Moralisation, sécurité, droit du travail... Voici à quoi vont ressembler les premiers jours de la présidence Macron

LES JOURS D'APRÈS - Largement élu face à Marine Le Pen le 7 mai au soir, Emmanuel Macron va pouvoir mettre en oeuvre son programme, sous réserve d'obtenir une majorité à l'Assemblée en juin. A quoi ressembleront les premières semaines du nouveau chef de l'Etat ? LCI vous donne quelques pistes...

Entre deux visions totalement antagonistes, les Français ont tranché. C'est donc Emmanuel Macron, le social-libéral, pro-Européen, adepte d'une économie ouverte, qui conduira les destinées du pays durant cinq ans, et non Marine Le Pen, la tenante du protectionnisme et du retour aux frontières. 

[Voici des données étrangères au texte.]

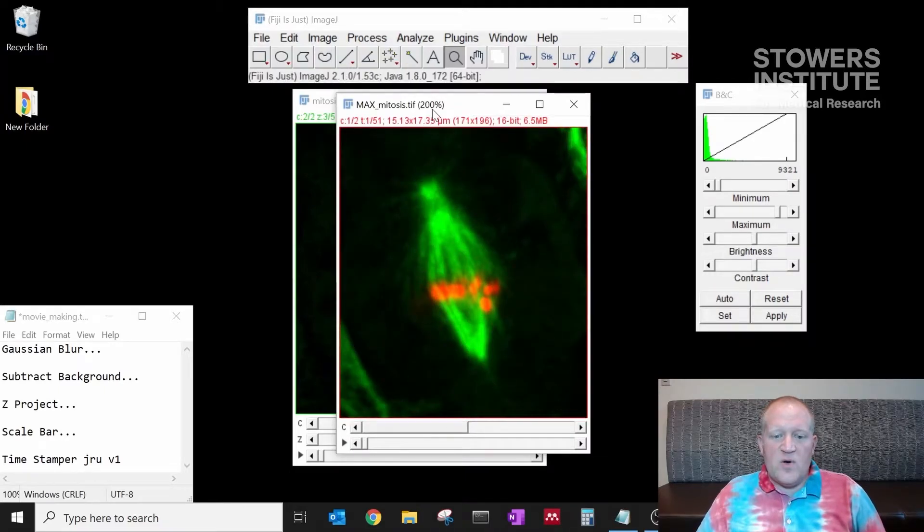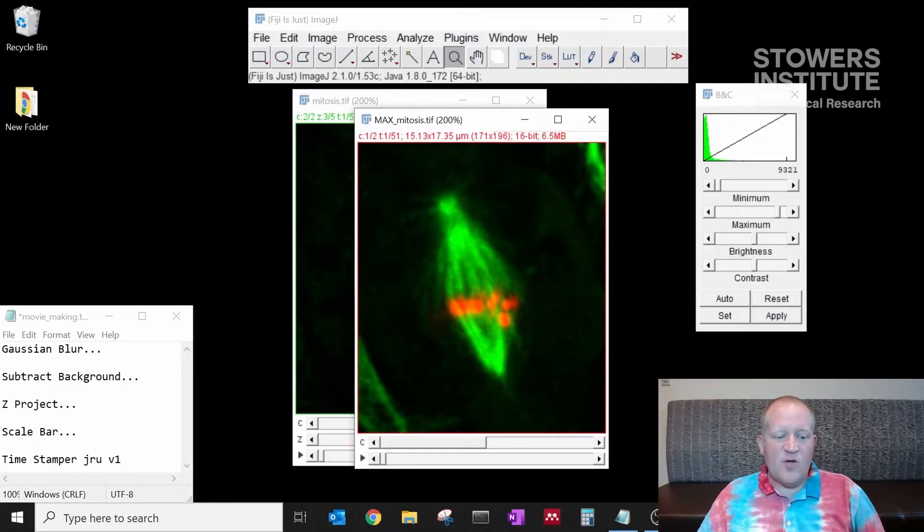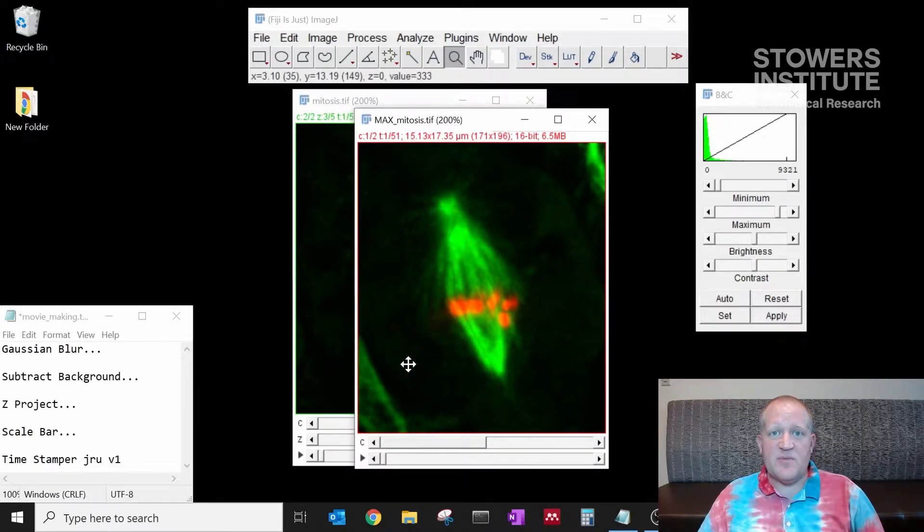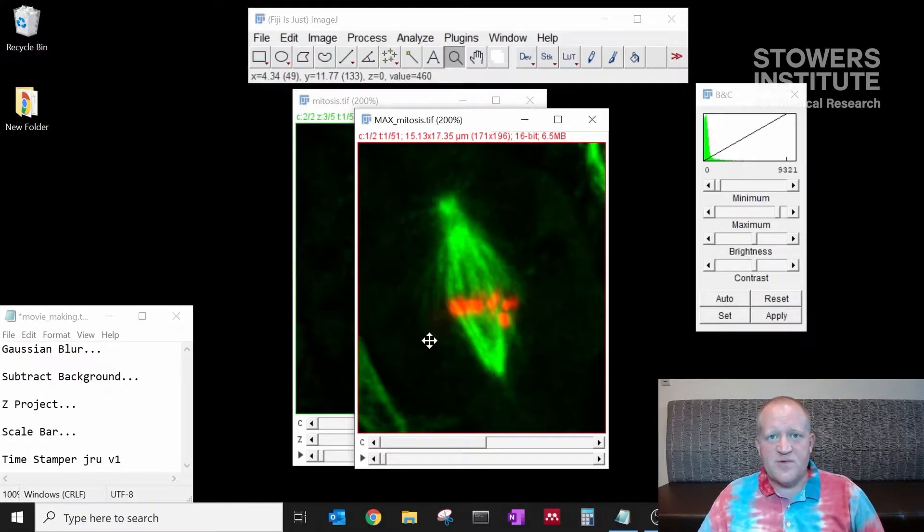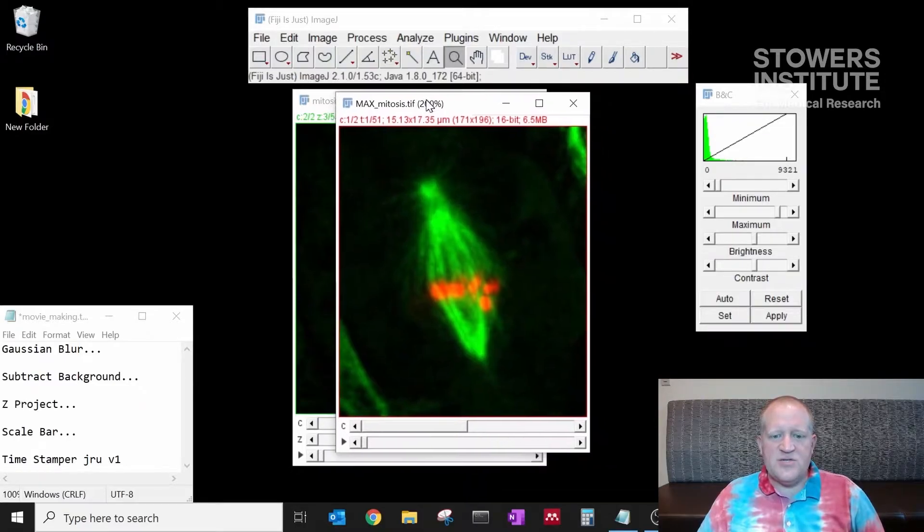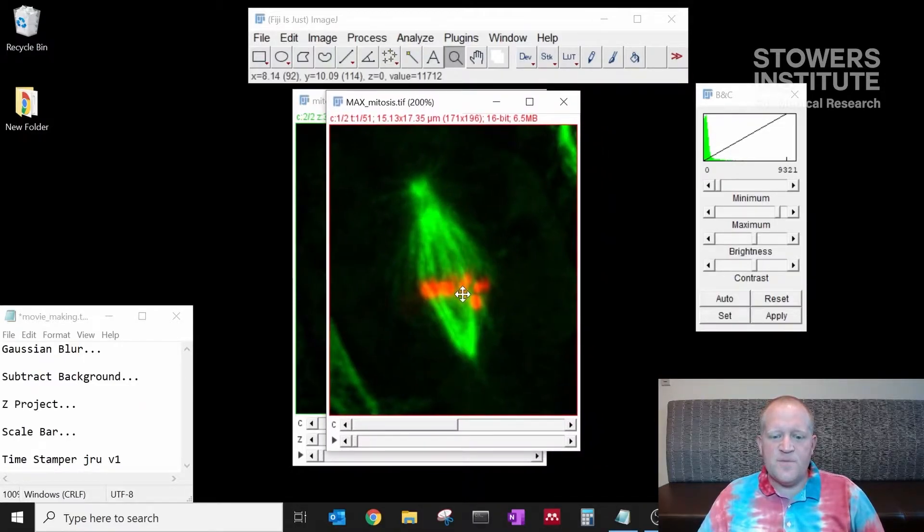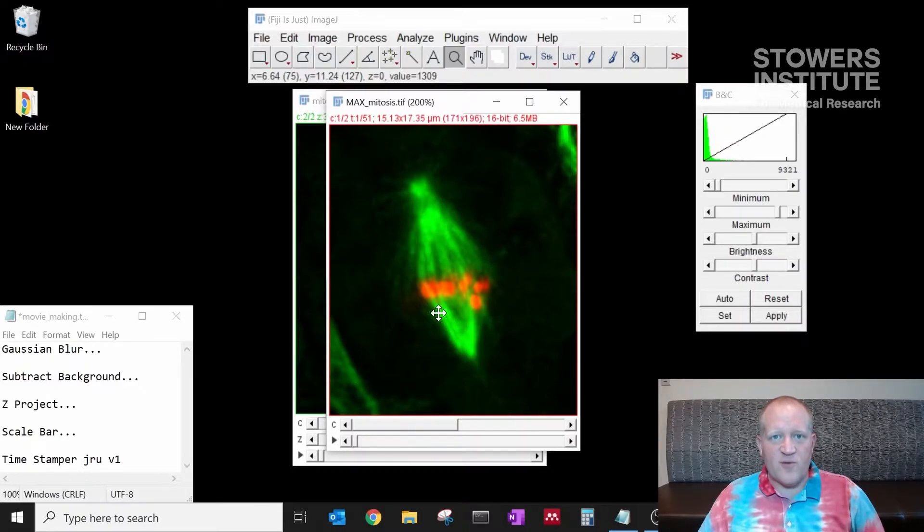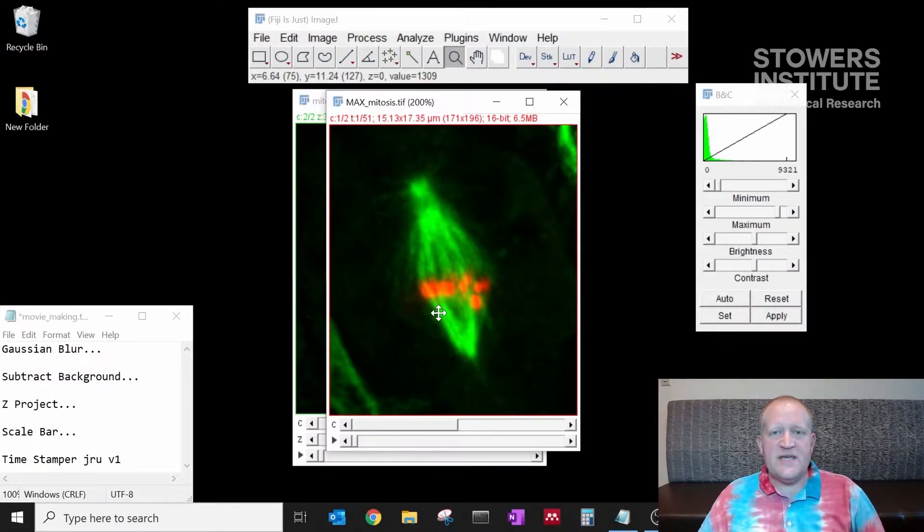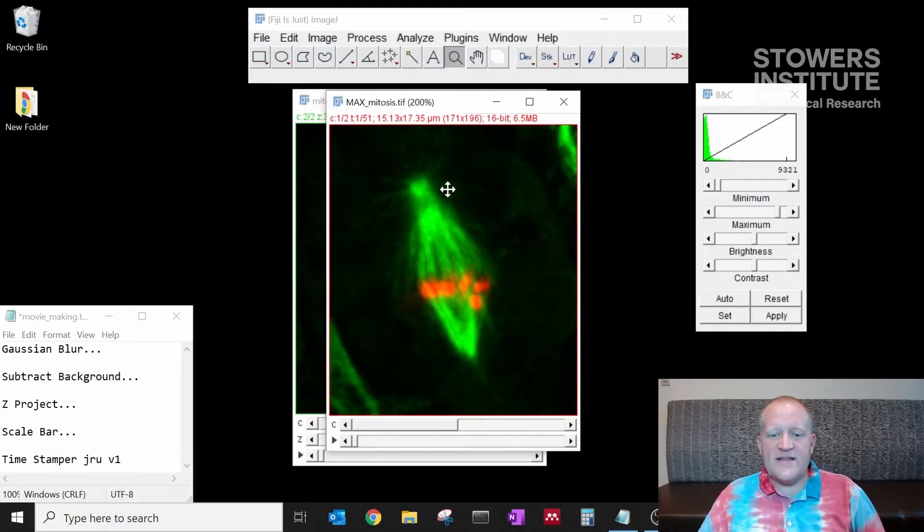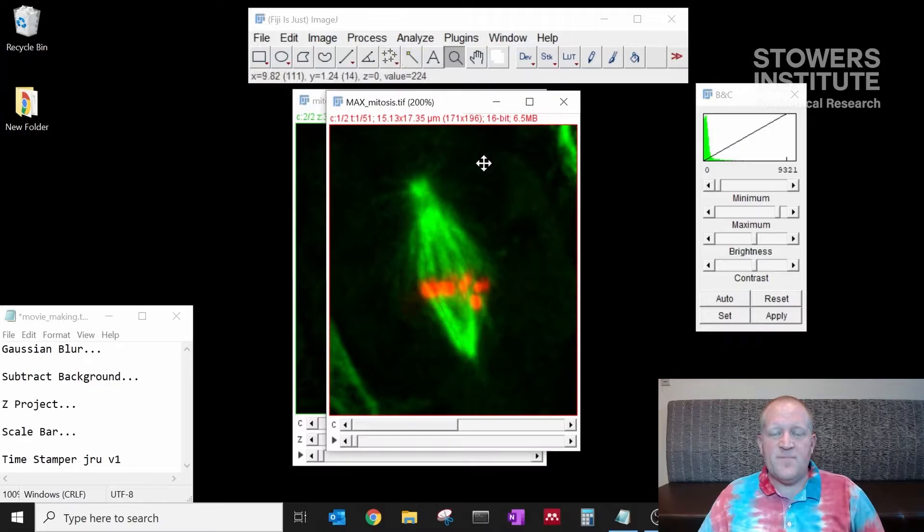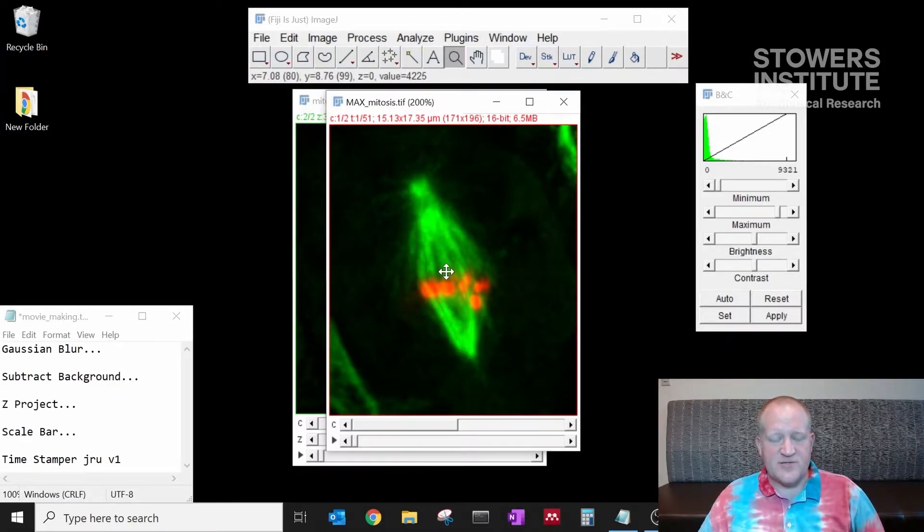Now we want to add a scale bar and a time stamp to our movie so that people know what scale our movie is on and they want to know the time over which this movie occurs. To do that the first thing we need to do is adjust our brightness and contrast settings so that we can convert to an RGB format. Because the text that we want to put onto the top of our window should be the color that we choose and if we leave it in the 16-bit format, it will add on to the green channel as green pixels or the red channel as red pixels depending on what you choose.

Les deux candidats avaient, durant leurs campagnes respectives, donné un aperçu concret de ce que seraient leurs premières semaines d'exercice du pouvoir, sous réserve, bien sûr, d'obtenir une majorité lors des élections législatives de juin prochain. Voici ce que prévoit Emmanuel Macron.

Moralisation

Si Emmanuel Macron n'envisage pas dans l'immédiat d'organiser un référendum - même s'il est favorable à une consultation des Français sur l'Europe -, il souhaite engager rapidement la réforme des institutions. Cela commence par la nomination de son gouvernement, qu'il souhaite paritaire mais également ouvert à la "société civile", avec des ministres soumis à une obligation de résultat et sans casier judiciaire. 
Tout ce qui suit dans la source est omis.